Sylvia has led over 70 expeditions, logging more than 6500 hours underwater in connection with her research. Today, she is Explorer in Residence at the National Geographic Society. And, she led the Google Ocean Advisory Council, a team of 30 marine scientists providing content and scientific oversight for the Ocean in Google Earth. Among the more than 100 national and international honors she has received is the 2009 TED Prize for her proposal to establish a global network of marine protected areas. She calls these marine preserves “hope spots, to save and restore, the blue heart of the planet.”
The World Is Blue
The World Is Blue by legendary marine scientist Sylvia Earle portrays a planet teetering on the brink of irreversible environmental crisis. In recent decades we’ve learned more about the ocean than in all previous human history combined. But, this eloquent, urgent, and fascinating book reveals how just 50 years of swift and dangerous oceanic change threatens the very existence of life on Earth. Modern overexploitation has driven many species to the verge of extinction, from tiny biota to magnificent creatures like tuna and whales.
In the book, she articulates, through personal experiences and scientific documentation, how the decline of the oceans is happening parallel to, and delicately intertwined with the fate of the atmosphere and what is happening on land. Sylvia argues passionately and persuasively to find responsible, renewable strategies that safeguard the natural systems that sustain us. Fortunately, there is reason for hope, but what we do (or fail to do) in the next ten years may well resonate for the next ten thousand. Her book is more than a wake up call.
Sylvia Earle is a former NOAA chief scientist. She is a National Geographic Explorer in residence, a woman who led a five year sea voyage and participated in almost 75 other expeditions, lectured in 70 countries, and authored more than 170 publications. She has been scuba diving for over half a century, walked the ocean floor some 1,250 feet below the surface, and utilized 30 different types of submarines. She was named “Her Deepness” by the New Yorker and the New York Times, a “Living Legend” by the Library of Congress, and Time Magazine’s first “Hero for the Planet.” Sylvia Earle is also a key reason why Google Earth developed Google Oceans – a phenomenal learning tool to help protect and maintain the ocean’s health.

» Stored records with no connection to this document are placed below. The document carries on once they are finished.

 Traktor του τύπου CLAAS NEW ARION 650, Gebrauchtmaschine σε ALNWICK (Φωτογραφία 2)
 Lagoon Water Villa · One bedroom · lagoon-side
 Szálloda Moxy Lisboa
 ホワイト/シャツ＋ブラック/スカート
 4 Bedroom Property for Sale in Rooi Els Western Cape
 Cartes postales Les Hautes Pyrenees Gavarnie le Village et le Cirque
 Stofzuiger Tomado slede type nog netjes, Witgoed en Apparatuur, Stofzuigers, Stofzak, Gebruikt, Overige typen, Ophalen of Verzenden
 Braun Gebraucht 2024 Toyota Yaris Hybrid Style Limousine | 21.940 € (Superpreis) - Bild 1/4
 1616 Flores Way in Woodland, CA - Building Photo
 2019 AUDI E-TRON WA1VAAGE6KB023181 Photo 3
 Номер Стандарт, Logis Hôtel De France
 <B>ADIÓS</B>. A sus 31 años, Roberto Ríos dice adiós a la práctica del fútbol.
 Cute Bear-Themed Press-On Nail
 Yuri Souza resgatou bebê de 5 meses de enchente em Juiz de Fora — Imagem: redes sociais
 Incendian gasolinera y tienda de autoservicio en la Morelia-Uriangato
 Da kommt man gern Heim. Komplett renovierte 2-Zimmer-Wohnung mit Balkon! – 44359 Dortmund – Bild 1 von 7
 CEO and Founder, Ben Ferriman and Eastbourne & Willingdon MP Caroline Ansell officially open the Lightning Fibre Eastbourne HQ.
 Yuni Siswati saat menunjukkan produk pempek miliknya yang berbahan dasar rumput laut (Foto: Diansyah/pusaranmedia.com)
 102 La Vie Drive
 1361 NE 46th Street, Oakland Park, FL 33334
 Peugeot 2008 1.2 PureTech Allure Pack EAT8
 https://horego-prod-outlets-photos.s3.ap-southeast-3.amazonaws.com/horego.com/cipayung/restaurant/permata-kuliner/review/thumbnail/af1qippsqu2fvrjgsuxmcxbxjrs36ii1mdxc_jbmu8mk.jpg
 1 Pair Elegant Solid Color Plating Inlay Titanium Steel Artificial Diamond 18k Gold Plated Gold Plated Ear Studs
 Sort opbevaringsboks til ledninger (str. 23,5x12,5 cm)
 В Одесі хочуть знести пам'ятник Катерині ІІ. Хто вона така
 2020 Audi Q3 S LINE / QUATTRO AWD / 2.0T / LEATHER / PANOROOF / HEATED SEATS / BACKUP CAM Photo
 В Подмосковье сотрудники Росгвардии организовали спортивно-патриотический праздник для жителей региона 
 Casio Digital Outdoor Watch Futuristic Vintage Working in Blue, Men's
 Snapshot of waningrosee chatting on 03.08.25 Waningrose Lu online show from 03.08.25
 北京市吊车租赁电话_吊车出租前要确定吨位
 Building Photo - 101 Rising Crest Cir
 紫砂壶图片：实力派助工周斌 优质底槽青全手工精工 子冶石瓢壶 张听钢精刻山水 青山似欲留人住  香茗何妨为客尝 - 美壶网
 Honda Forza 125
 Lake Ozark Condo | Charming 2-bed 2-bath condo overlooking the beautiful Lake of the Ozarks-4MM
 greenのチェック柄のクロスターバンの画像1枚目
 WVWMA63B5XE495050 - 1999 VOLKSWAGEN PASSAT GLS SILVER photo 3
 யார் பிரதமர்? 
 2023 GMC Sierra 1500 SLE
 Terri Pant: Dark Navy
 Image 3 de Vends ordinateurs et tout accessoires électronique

She is the most qualified individual on earth to promote saving it. She understands that the ocean is the source of most of the oxygen we breath, most of water we drink (rain water) and a large part of the food we eat. She systematically outlines what man has done to the ocean over the last 100 years and the implications if we continue on this path. Dr. Earle has a wish in The World Is Blue: How Our Fate and the Ocean’s Are One and is asking the world to create Marine protected zones in the Ocean. Right now less than 1% of the ocean is protected. She believes that if we can raise that to 10%, 20% or more, we can save the ocean and our planet.